Tips for Freshers!
With Freshers weeks about to kick off all around the country any day now, I thought it might be helpful to share some of my own tips for freshers. I graduated from The University of Manchester this past summer... and although my first freshers week was a whole three years ago and now I'm an actual proper adult who lives a proper life and gets up before 11am everyday... I can remember those intense first couple of weeks in Manchester very well. I think if I had read these tips beforehand, I might have enjoyed freshers more and settled into my new course quicker...I hope they're useful!
- Be Yourself
After years at school being stuck with the label of "tomboy" after you cut your hair a bit too short one time in year 8, it can be tempting to want to totally reinvent yourself when you break away from the familiar and start uni. Although having some newfound confidence and not having any labels attached to you when you meet your new flatmates/course-mates can be beneficial, try to be yourself still. Obviously, you might be putting on a bit of an act when you first meet everyone (sitting up straight, smiling, looking people in the eye and making extra effort in conversations) and that's fine. But (and this might sound harsh) if you aren't naturally a loud, bubbly, dominant, loads-of-friends type of person, don't try to be. There's so much pressure to make tons of pals straight away, immediately bond with your flatmates and basically have the wildest and best time of your life as soon as you put your bag down in your new room. Don't let this pressure and the general overwhelming nature of freshers to make you feel like you have to become someone that you're not in order to fit in or please your flatmates (or so that from your Facebook profile it looks like you're having a crazy time!). Don't force yourself to become someone you're not because you think it'll make your flatmates like you more. Remember that freshers week is a friends frenzy where everyone is trying to impress and you will meet hundreds of people and add countless new people on Facebook - but these instant "friendships" properly won't all last. Just relax, be yourself, be friendly... and you will find your true friends, even if it takes a while.

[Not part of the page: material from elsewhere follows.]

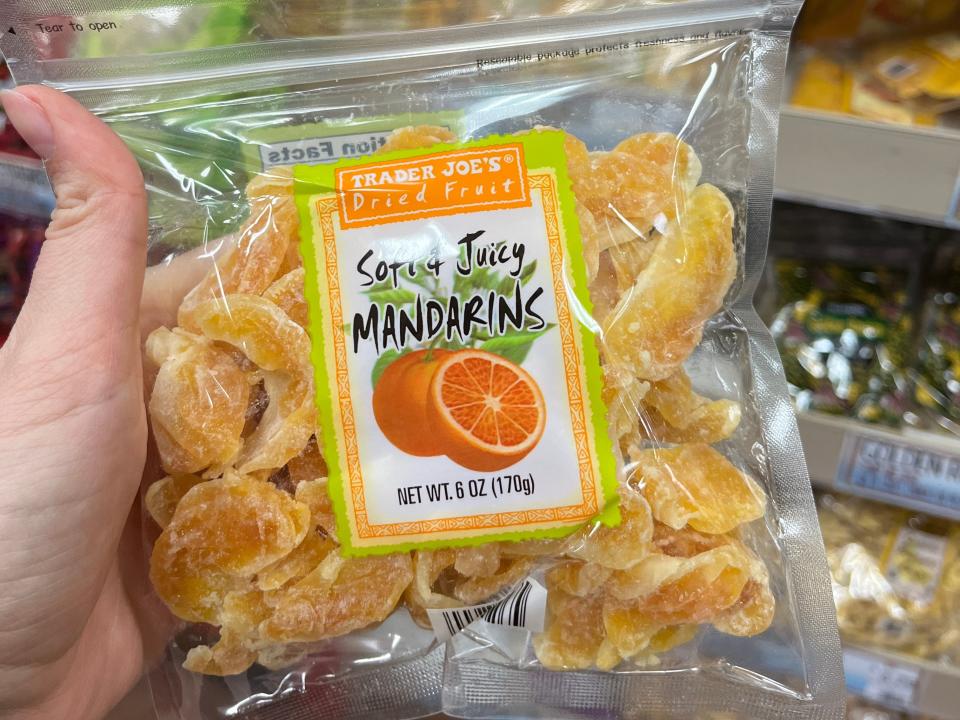 hand holding up a bag of dried mandarins att trader joes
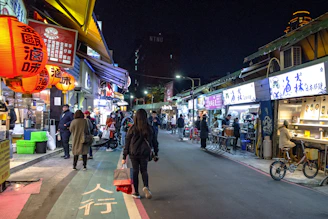 A vibrant Asian street market glowing with lanterns and busy with locals and tourists.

- You might feel homesick... and that's okay
I felt like I was failing at Fresher's Week by feeling overwhelmed by all the newness and changes... and because I was struggling to be apart from my mom. But I'd just moved to a different city that I didn't know at all, away from my parents (and pets!) for the first time - it's completely natural and expected to feel homesick... and it's okay, it's normal. In no way did it mean that I was a failure, despite all the unnecessary emphasis on freshers being the best time of your life. There were plenty of times in the first few weeks when I was convinced that uni wasn't for me, that I was putting myself through a horrible experience by choice, and that I should just go home. Try and push through these thoughts. That doesn't mean ignore them though. Phone you mom, let yourself have a good cry, and make sure you get out and about - treat yourself to tea and a slice of cake somewhere. When I say push through, I mean don't be surprised if you feel very homesick, and don't immediately jump to the conclusion that you should leave uni for ever and never return. Give yourself a reasonable timeframe to settle in - I would say about two months, because you can't be expected to settle into a completely new environment with completely new people straight away. Of course, if you feel miserable weeks and weeks after moving, then university really might not be for you - but give it a good shot first. I'm so so glad I pushed through those difficult first couple of weeks... I've met such lovely people and am now the proud owner of a 2:1 degree in English Literature and American Studies!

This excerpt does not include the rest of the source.